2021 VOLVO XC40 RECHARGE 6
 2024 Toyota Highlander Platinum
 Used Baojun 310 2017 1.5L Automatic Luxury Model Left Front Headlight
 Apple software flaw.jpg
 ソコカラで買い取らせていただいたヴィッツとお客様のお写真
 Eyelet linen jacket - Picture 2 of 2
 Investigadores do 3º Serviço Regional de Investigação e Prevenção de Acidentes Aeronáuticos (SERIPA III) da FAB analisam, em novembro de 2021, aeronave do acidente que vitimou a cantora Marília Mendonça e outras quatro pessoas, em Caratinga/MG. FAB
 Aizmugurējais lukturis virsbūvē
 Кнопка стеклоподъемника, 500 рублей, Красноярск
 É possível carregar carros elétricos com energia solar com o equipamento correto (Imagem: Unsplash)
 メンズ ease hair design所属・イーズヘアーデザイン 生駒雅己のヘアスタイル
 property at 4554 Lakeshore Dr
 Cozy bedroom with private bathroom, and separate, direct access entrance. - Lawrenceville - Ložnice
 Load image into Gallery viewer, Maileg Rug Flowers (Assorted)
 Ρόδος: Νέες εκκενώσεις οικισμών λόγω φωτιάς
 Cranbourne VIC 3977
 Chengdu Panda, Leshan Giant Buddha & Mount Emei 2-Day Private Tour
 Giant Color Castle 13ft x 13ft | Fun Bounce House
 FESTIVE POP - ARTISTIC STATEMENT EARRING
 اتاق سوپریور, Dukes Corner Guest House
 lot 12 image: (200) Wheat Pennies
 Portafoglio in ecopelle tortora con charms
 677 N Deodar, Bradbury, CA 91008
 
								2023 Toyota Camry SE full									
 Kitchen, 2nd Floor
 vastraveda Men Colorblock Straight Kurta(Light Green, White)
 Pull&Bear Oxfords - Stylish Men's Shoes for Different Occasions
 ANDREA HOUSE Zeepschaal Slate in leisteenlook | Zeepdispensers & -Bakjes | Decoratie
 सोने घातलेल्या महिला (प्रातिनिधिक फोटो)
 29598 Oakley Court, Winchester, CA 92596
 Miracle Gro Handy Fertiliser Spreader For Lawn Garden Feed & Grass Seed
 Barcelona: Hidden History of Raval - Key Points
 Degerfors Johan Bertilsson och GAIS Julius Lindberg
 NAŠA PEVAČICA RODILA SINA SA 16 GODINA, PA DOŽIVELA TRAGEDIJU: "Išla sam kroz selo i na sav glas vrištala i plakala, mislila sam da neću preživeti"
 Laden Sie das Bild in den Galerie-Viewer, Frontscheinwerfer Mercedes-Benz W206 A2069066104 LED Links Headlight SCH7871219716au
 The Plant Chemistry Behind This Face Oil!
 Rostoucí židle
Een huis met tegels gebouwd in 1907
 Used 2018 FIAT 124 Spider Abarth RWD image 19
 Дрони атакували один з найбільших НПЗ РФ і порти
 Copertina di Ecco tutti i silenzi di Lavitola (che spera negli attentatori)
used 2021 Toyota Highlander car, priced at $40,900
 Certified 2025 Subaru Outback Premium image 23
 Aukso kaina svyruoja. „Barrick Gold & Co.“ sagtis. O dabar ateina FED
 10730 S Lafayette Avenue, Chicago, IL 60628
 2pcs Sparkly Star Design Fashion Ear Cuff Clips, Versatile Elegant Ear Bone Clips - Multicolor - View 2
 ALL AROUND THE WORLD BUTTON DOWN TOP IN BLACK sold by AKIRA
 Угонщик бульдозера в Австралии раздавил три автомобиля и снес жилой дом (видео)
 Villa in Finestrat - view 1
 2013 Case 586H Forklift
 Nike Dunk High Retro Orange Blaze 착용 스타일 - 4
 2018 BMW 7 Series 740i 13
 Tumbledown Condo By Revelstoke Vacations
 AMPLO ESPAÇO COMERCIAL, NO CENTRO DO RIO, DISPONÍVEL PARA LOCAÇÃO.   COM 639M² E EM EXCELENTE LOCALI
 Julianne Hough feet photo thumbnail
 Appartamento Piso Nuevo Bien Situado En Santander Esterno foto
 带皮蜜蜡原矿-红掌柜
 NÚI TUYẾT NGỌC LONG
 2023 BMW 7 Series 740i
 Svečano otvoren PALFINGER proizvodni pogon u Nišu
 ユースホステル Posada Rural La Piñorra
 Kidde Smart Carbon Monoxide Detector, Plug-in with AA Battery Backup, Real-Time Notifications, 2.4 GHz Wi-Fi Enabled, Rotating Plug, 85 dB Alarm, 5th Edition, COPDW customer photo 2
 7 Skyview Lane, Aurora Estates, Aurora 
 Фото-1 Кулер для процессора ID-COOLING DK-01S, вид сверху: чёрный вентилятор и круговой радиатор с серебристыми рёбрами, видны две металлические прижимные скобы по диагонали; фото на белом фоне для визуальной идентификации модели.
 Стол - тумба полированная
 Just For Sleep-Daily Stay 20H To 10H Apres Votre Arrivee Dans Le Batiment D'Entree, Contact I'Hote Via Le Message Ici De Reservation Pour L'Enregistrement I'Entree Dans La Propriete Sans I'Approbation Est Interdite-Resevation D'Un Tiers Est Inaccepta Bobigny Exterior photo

What the task asks:
Scan the listing for the string "with". Copy each line that has it.

Expected output:
 Cozy bedroom with private bathroom, and separate, direct access entrance. - Lawrenceville - Ložnice
 Kidde Smart Carbon Monoxide Detector, Plug-in with AA Battery Backup, Real-Time Notifications, 2.4 GHz Wi-Fi Enabled, Rotating Plug, 85 dB Alarm, 5th Edition, COPDW customer photo 2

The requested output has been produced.